Rio - Superlotada de presos que são policiais ou têm Ensino Superior — entre eles 20 detidos na Operação Furacão 2 e 15 capturados na Furacão 1, realizadas pela Polícia Federal (PF) —, a carceragem do Ponto Zero, em Campo Grande, vai ser ampliada. A unidade abriga no momento 119 detentos, 50 acima da sua capacidade.
Para desafogar a carceragem, o Ponto Zero terá celas no prédio onde funcionava a 6ª Delegacia de Acervo Cartorário (Deac), transferida para a Rua Bernardo de Vasconcelos, em Realengo. O edifício, de dois andares e com 20 cômodos, fica em frente ao Ponto Zero.
Antes de ser transformado em carceragem, o prédio passará por uma reforma. Segundo o diretor da Polinter, Herald Paquete, não há previsão de quando as obras vão ser concluídas.

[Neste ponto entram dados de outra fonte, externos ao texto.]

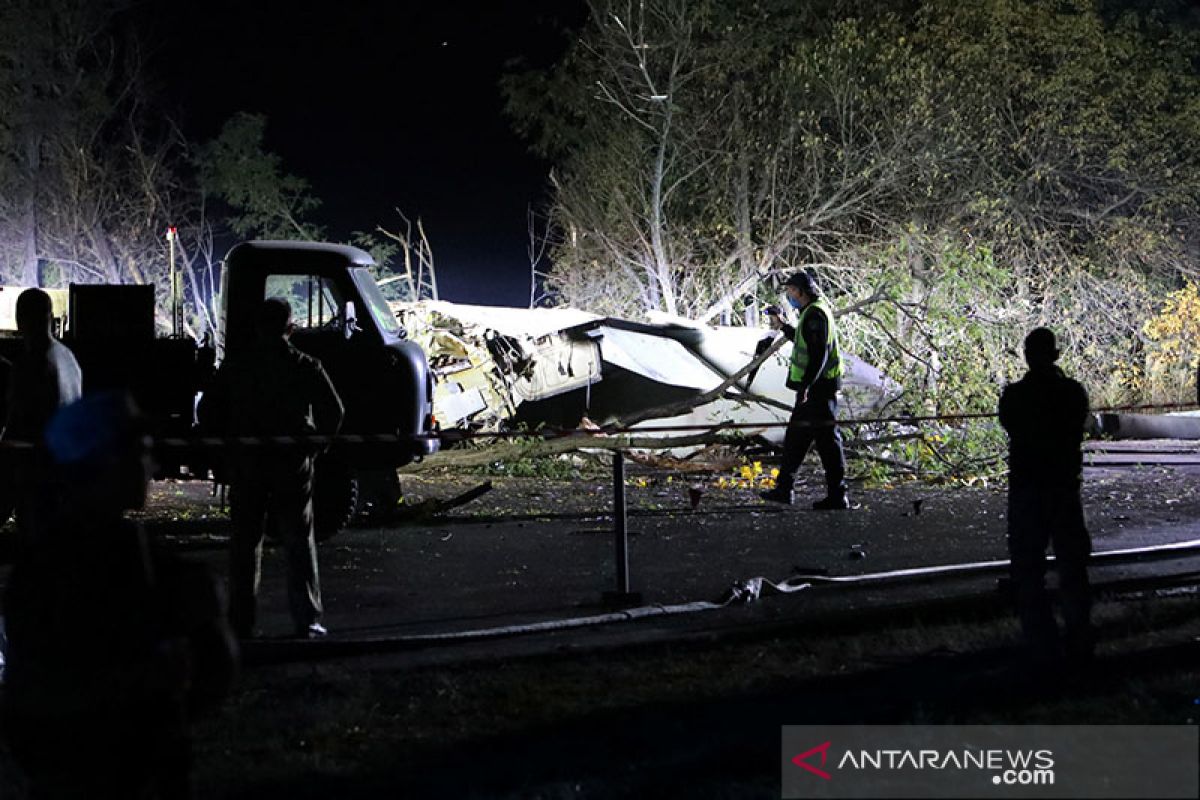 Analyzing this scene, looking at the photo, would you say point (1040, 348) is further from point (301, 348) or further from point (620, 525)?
point (301, 348)

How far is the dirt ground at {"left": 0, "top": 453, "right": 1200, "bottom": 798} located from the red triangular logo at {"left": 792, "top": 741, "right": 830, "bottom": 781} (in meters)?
0.09

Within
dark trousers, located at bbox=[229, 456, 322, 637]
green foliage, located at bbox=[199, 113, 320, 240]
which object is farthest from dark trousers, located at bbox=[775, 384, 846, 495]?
green foliage, located at bbox=[199, 113, 320, 240]

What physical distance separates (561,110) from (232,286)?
709 inches

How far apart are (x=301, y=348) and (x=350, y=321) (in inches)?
17.9

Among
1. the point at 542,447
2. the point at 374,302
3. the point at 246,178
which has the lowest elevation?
the point at 542,447

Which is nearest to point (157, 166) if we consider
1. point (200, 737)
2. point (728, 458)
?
point (728, 458)

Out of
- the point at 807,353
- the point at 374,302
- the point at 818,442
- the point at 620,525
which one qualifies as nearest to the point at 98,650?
the point at 620,525

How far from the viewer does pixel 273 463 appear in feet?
22.3

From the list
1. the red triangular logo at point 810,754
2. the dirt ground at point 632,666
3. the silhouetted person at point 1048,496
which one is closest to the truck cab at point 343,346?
the dirt ground at point 632,666

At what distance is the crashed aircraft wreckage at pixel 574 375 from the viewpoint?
15.7 m

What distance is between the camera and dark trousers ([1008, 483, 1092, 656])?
626 cm

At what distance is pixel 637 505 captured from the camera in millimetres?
12484

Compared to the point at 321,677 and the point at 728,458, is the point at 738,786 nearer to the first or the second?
the point at 321,677

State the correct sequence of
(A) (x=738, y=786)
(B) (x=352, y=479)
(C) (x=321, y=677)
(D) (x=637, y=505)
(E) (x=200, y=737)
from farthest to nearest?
(D) (x=637, y=505) → (B) (x=352, y=479) → (C) (x=321, y=677) → (E) (x=200, y=737) → (A) (x=738, y=786) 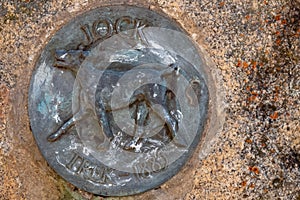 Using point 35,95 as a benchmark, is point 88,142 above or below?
below

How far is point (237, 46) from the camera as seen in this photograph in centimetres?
176

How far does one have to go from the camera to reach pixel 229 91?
178cm

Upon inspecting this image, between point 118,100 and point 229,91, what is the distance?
1.32 ft

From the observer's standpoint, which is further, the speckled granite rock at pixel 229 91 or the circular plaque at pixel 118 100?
the speckled granite rock at pixel 229 91

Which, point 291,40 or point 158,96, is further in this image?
point 291,40

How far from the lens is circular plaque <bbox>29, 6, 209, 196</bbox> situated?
1.65m

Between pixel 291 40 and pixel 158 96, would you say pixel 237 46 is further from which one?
pixel 158 96

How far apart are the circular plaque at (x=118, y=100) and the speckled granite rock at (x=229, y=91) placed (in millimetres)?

Entre os presos pela Furacão encarcerados no Ponto Zero estão os delegados da PF Carlos Pereira da Silva e Susie Pinheiro Dias de Mattos, os policiais civis Marcos Antônio dos Santos Bretas, o Marcão, e Jorge Luís Fernandes, o Jorginho, e o contraventor Ailton Guimarães Jorge, o Capitão Guimarães, que é formado em Letras.